_TASK ITEM:_ Where does the word "around" show up in the records? Copy every line that has it.

· · ·

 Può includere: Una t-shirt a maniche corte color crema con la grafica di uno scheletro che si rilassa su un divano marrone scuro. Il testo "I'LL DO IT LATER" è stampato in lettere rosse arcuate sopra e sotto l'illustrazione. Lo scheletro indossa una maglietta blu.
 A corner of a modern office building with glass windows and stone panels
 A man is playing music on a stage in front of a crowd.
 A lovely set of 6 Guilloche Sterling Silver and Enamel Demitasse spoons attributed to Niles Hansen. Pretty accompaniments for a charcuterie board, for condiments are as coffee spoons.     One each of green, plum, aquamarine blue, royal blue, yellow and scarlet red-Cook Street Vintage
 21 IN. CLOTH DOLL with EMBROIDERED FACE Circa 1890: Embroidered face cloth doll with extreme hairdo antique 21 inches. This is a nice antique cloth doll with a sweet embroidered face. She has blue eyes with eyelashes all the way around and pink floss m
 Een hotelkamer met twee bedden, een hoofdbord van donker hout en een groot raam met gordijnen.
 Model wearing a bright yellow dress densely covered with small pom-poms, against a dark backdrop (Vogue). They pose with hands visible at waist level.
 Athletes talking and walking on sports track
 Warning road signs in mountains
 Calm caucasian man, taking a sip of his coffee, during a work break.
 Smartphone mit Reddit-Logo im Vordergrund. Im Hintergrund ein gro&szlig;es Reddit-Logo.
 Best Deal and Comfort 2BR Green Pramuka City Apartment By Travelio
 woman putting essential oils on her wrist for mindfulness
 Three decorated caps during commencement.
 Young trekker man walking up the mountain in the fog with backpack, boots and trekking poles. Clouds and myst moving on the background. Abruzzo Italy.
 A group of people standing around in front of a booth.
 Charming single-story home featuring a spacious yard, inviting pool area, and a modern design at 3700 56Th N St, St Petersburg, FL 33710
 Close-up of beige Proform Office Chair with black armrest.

· · ·

_TASK SOLUTION:_
 21 IN. CLOTH DOLL with EMBROIDERED FACE Circa 1890: Embroidered face cloth doll with extreme hairdo antique 21 inches. This is a nice antique cloth doll with a sweet embroidered face. She has blue eyes with eyelashes all the way around and pink floss m
 A group of people standing around in front of a booth.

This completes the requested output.